Every few decades, the way we interact with computers goes through a huge shift.
Starting in the 1960s, all we had were giant mainframe computers.
These machines took up a whole room and cost millions in today’s dollars.
In the 1980s, every household in America could own a computer.
I can still recall the beeps and the clicks of my Apple IIc floppy disk drive.
A decade later, laptops allowed us to take our computers on the go.
The earliest laptops were heavy, slow and expensive.
But they allowed business people to take their work on the road and college students to study in coffee shops.
In the late 2000s, smartphones arrived.
Computers are now near us every second of the day.
We rely on them to direct us to where we’re going, play our favorite songs and keep track of our life history through digital photos.
According to a survey by research firm Statista, 46% of Americans spend five to six hours on their mobile phones daily.
Another 11% spend seven hours or more.
I wouldn’t call my own smartphone use excessive. However, I do feel a crick in my neck from staring down at the screen and numbness in my thumbs from scrolling and texting.
Thankfully, the next evolution in computers is right around the corner…
“Man-Computer Symbiosis” is a 1960 research paper written by J.C.R. Licklider.
He was a computer scientist who had a vision for the internet long before it existed.
Licklider outlined that the interactions between computers and users would become simpler over time.
This approach was essential in using information technology.
As he predicted, we’ve gone from mainframes to desktops to laptops to smartphones.
And it’s looking like the next iteration of computers will be wearable technology.
Things Have Changed in 8 Years
In 2014, I had the privilege of visiting Google’s New York City headquarters and trying out its smart glasses.
At the time, they were a little slow and clunky.
The operating system didn’t always hear the voice commands, so you had to repeat yourself a few times.
On the streets of New York, onlookers might have thought you were talking to yourself.
But things have changed in eight years.
Chips have gotten much faster, and artificial intelligence is a magnitude better.
That means a new way to interact with our computers and our world is right around the corner.
The Next Battleground for Computational Supremacy
The next battleground for computational supremacy will be right in the middle of our faces.
Silicon Valley is unveiling new smart glasses that will get us one step closer to J.C.R. Licklider’s vision.
Perhaps no other tech giant has gone as far as Meta Platforms Inc. (Nasdaq: FB), formerly Facebook.
CEO Mark Zuckerberg has already committed $10 billion toward the metaverse this year.
The company has also partnered with eyewear giant EssilorLuxottica to create the Ray-Ban Stories.
These smart glasses have a built-in camera and headphones that let users make calls, listen to music and record videos and photos.
The key to this deal is that EssilorLuxottia owns Ray-Ban and Oakley and has licensing agreements with every major fashion label.
That means future smart glasses will come with a familiar style.
It also owns LensCrafters, Sunglass Hut and a dozen other retailers.
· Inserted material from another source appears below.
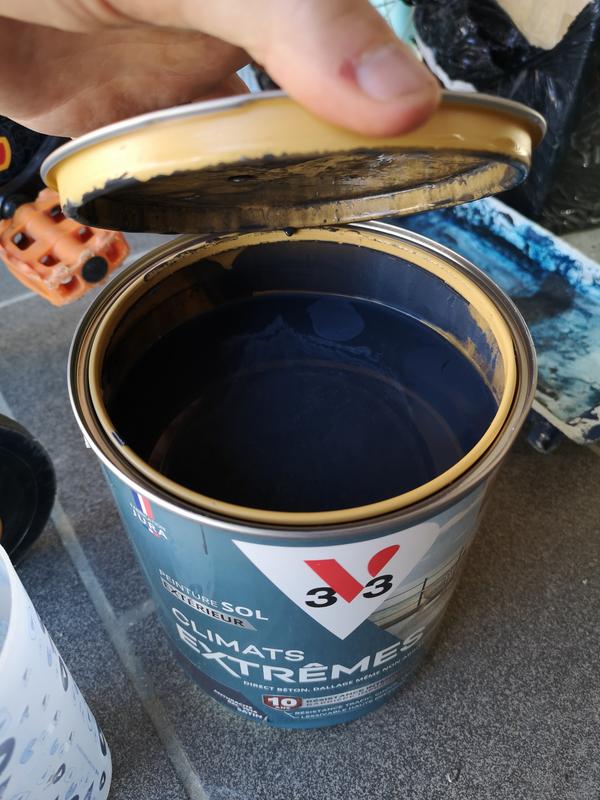 Ouvrir la fenêtre modale de l'avis 4 sur 4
With 8,000 locations, it gives Meta a physical retailer where potential customers can try out and purchase the new glasses.
Along with Meta’s virtual reality hardware called Oculus, this gives the company a solid head start on what will likely become the future of computers.
Of course, the next evolution could come in the form of an implantable device, like Tesla CEO Elon Musk’s concept called Neuralink.
As for me, I’ll choose the neck and thumb pain over a chip in my cerebellum.